The Legend of Birsa Munda. Tuhin Sinha and Ankita Verma. Manjul Publishing House. 2020. Pages 400. Rs 399.
Indian freedom struggle has been documented in the popular folklore as a linear and very Delhi-centric process. Over time and with repetition of the dominant stories, several contributions to the independence movement have either been forgotten, or have been consigned to limited recollection. One such story is that of Birsa Munda, the tribal leader, who took on the British establishment in the fourth quartile of the nineteenth century in what would be present day Jharkhand.
Celebrated as Bhagwan Birsa Munda, not only for his leadership of a localised freedom struggle, but also his spiritual and healing powers, the name has only come to the forefront of the public awareness in recent years. With several recent concerted efforts to recall and honour the memory of a poor peasant labourer turned public icon, at least one of these lost stories has found its due recognition.
Taking forward the mantle of describing India’s biggest tribal icon, Tuhin Sinha and Ankita Verma have penned the recently launched book The Legend of Birsa Munda. This book reconstructs the tough life journey of Birsa Munda, which lasted just a few months shy of 25 years. The book also provides a backdrop of the British excesses and how the Indian society was very deliberately exploited and tortured to keep the flag of the Raj flying.
The book also amply substantiates the hypothesis that the British were able to rule a large country with an iron fist with very few officers by exploiting the fault lines of Indian society. The various schisms that existed in the society were further widened by the British through their conniving methods. They did not hesitate from using religion as a tool of statecraft and deployed non-state actors who focused on social subjugation supplementing the political and territorial colonialisation.
The story of Birsa Munda is itself talked about in very humane terms, with no artificial attempts to create a halo or deification because he is the subject of the book. That honest portrayal further shines through in creating a strong personal sketch of Birsa Munda for the reader. The reader understands the compulsions and frailties of a young tribal boy and his transformation into Bhagwan Birsa Munda whose life ended with commandeering a large number of followers known as Birsaites.
The book maintains a fast pace, avoids repetition of descriptive words and phrases and imagined dialogues in conversation. It also creates very engaging side stories of people who influenced Birsa Munda. Given a wall that the authors would have hit given the lack of research on these forgotten people of a forgotten thread of freedom struggle, it would not have been easy recreating their own personality nuances and traits. But the vivid characterisation of Birsa Munda’s family members, his teachers, the local landlords and the British officers involved adds great weight to the authenticity of the story.
This is an offbeat book to the extent that while it covers a very important piece of Indian history — and not too distant history at that — it has not been written as a historical account. The book is rather a dramatisation of the events that transpired in the life of Birsa Munda. The key happenings of his life are very much narrated, but the narration is in the form of a story. There is retelling of day to day goings-on and conversations between otherwise real people, with a shell of imagination.
This is not to say that history has been ignored.

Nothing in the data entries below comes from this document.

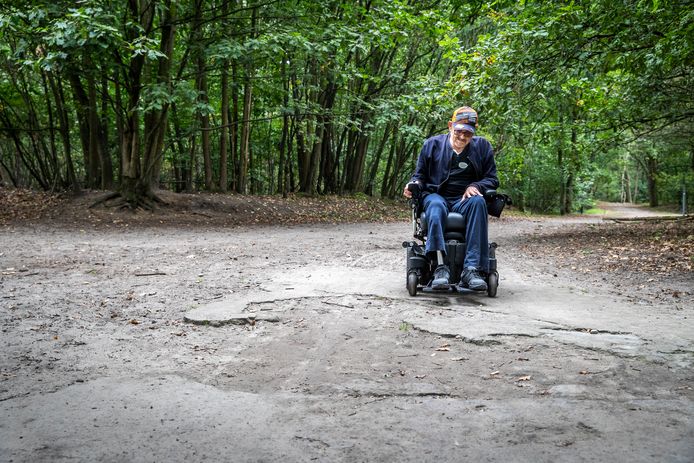 Het  rolstoelpad in Geldrop is niet te volgen en een blamage voor Geldrop. Terwijl in dezelfde gemeente in Mierlo een mooi pad ligt.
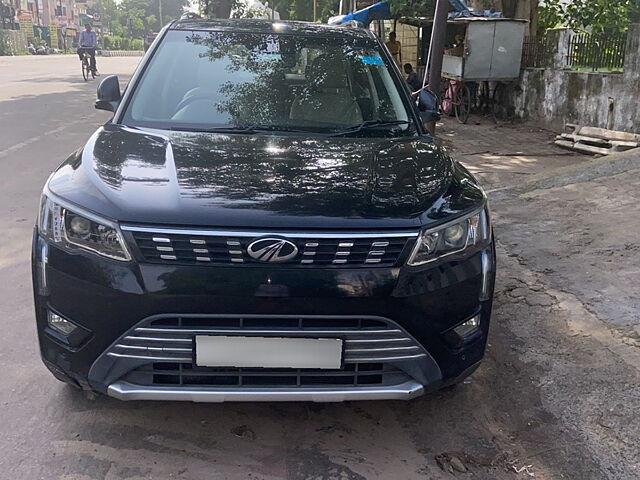 Used Mahindra XUV300 [2019-2024] W8 (O) 1.5 Diesel [2020] in Vadodara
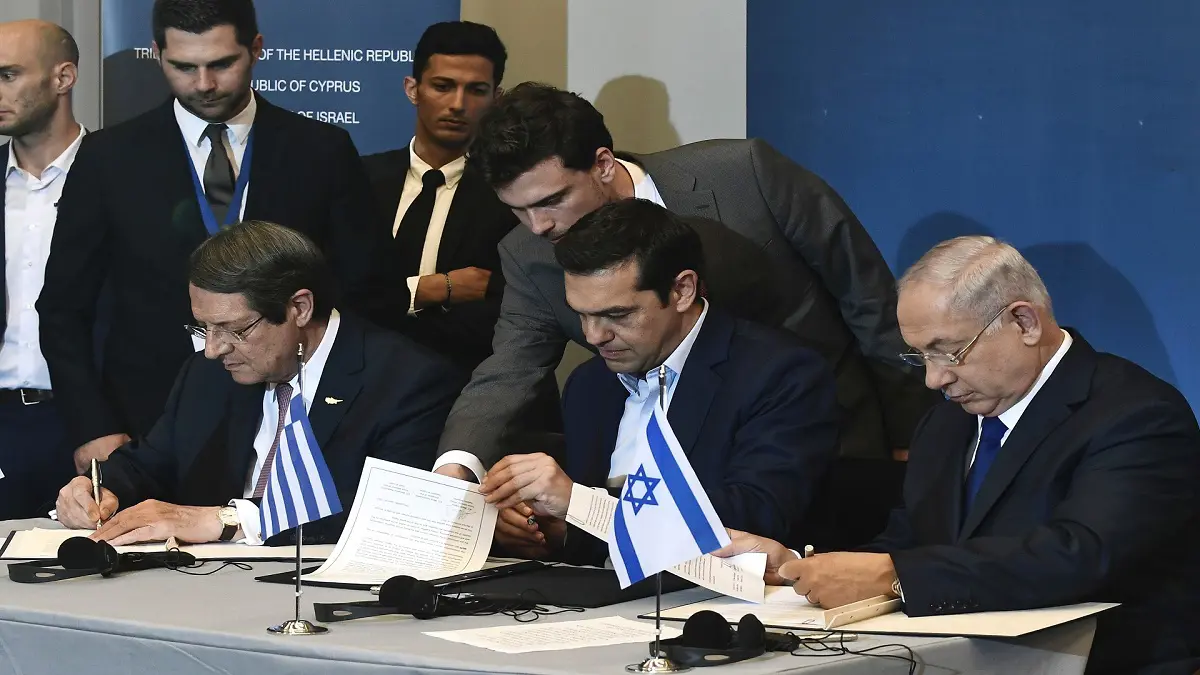 اليونان وإسرائيل وقبرص توقع الشهر المقبل اتفاق إنشاء خط أنابيب لنقل الغاز‎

It would not be correct to call this book a fictionalisation. But what would have the family or Birsa Munda talked about on a given day when a certain event transpired? These questions are shaped through the authors’ mental map of how the life would have been under the trying circumstances. The story is authentic, the screenplay is imagined and constructed.
Purists who like to read history in its ingeminate form may hence be tempted to label the book less than desirably authentic. But that would be a harsh judgement. Tuhin has himself mentioned in many of his book publicity events that he did not start off writing history, which is a discipline he would not have been able to do justice to.
To add to the practical difficulties in chronicling such a personality, the story of Birsa Munda itself is not retold in the official strands of our education and narrative building, let alone the history of the society in which he lived and led. The years that cover Birsa Munda’s life and times were also the period where the British stranglehold on India was peaking, and the native viewpoint was limited in quantity as well as extent of geographic coverage. A lot of documentation would thus rely on chequered British view point.
Rather than that become a limitation, the book has been presented as a story. Reading this book is equivalent of watching a movie made on the life of a real, historical figure. Just that one engages with the written word and not an audio-visual medium.
The birthday of Bhagwan Birsa Munda falls on 15 November. Earlier last year, Prime Minister Narendra Modi announced that the day will be celebrated henceforth as Janajatiya Gaurav Diwas. Author Tuhin Sinha has since written to the Prime Minister seeking a Bharat Ratna award for the only tribal leader whose portrait has been installed in Parliament. These are important steps in reshaping our understanding of how we achieved freedom.
Sinha and Verma have done a very sincere job, which fills a void in understanding the role of various freedom fighters in driving the British out of India. The publication of such books is a welcome and meaningful step.